The potential risks of coding in Python

Python questionmark logoWith the growing power of computers, scientists across all fields are starting to appreciate computer modelling and big data analysis as valuable tools for their research. A particularly favoured language is Python, since it is easy to get into compared to other, strongly typed and compiled languages, such as C++. Consequently, because of Python's popularity, there is a great number of code libraries and tools that one can use for free. I myself use Python for analysis and visualisation of simulation results (I write my simulations in C++ though). I have also been exposed to using Python during a couple of commercial projects.

While many like Python because of its ease of use and versatility, I will argue here that these can also be potentially dangerous when it comes to managing larger projects. I would like to illustrate the potential risks that one might come across, when attention is not paid to good coding practises, with the following analogy:

Imagine that you are writing an essay for a coursework during your degree. There are good and bad courses and there are good and bad teachers. Coding in Python can become like writing a really bad essay and getting away with it. Here is why:

1. No structure

No structureYou are allowed to write your essay with any structure you want. You skip an introduction and go straight to your main arguments. You then mention a couple of references in the end. You get a B, which in your mind validates this approach to writing essays.

In Python, it is very easy for your code to become a mess, especially if the fluidity that Python allows is misused. There is no pre-scribed structure to a Python program - you can write in-line code, you can put it into functions or into classes. What can end up happening in bigger projects is that there is a mixture of everything. This makes reading and maintaining complex programs really difficult.

2. You are allowed to redefine words and say things that are not true

You are allowed to redefine words and say things that are not trueIn your essay on African animals, you say that termites are social insects and than rhinos are mammals. A few pages later, you claim that termites are really stones and that rhinos can fly. You get an A - what a creative way of thinking about reality!

In Python, a variable can change its data type during run time. Also, a parameter to a fuction can take on any data type, determined at a run time. Consider the following code snippet:

def whichWeekDayIsIt(date):
   A function that returns name of the week
   day, based on a date.

It is simple enough to understand the function signature right? Yes, until someone changes the body of the function to cover cases when date is not a single date, but a list of dates. You can then end up calling the function as:

myDay = whichWeekDayIsIt(date = [01022016, 02022016])

The parameter name 'date' looses its original meaning. A similar thing would happen if you changed the parameter name to 'dates' and then wanted to call it with a single date, not a list. Because variables have no datatypes, you either have to call variables in a very generic way, defeating the purpose of naming them, or call them in a way that is only partially true.

The second problem with having no data type is that when it comes to passing variables into functions, you have to rely purely on documentation of that function to determine what you should pass in (which, more times than I am comfortable with, is missing in open-source libraries). Alternatively, you have to look into the body of that function to see how a particular parameter is used and to deduce what data type your variable should have. This is sometimes really difficult.

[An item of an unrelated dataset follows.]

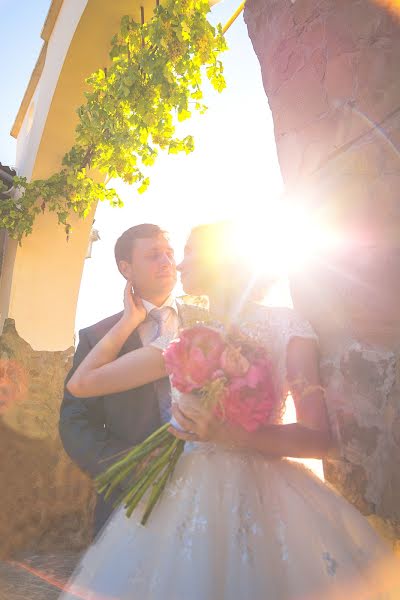 Fotógrafo de bodas Aleksandr Semenchenko (alexsemenchenko). Foto del 18 de diciembre 2015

3. The meaning of words changes based on the amount of spaces in front of them

The meaning of words changes based on the amount of spaces in front of themEveryone makes mistakes during typing. But in the essay for this course, a word " dog" that has one space in front of it means a dog, while the phrase "  dog" (two spaces) means a flying saucer. Unfortunately, your word editor does not highlight multiple spaces as an error, which means that you end up writing about UFOs, while what you really wanted to do is describe your pet dog.

The fact that Python purely relies on indentation to determine which logic block a line of code belongs to makes it fairly easy to create bugs that are difficult to spot. Consider the following code snippet:

numOfDrivers = 0
for car in cars:
   print("car {}".format(car))
   numOfDrivers += 1

The number of drivers will be equal to the number of cars. Now imagine that you are editing the code and you make the following indentation mistake:

numOfDrivers = 0
for car in cars:
   print("car {}".format(car))
   print("something else")
numOfDrivers += 1

The number of drivers will now be 1. It is possible that you will not realise this mistake until your code delivers unexpected results. In the worse case scenario, you will never go back to your code and you will make incorrect conclusions based on your results. For example: "For every ten cars, there is one driver, we must have self-driving cars on the road!"

Let's compare this to what happens in other languages, like C++, Java, etc.:

numOfDrivers = 0;
for (i=0; i<cars.length(); i++) {
   print("car {}".format(car))
   print("something else")
numOfDrivers += 1;

Here, the same mistake of unindenting the line that counts the number of drivers was made. However, because the code has a stronger structure and uses the curly brackets { } to identify the code block in the for loop, the resulting number of drivers will still be correct.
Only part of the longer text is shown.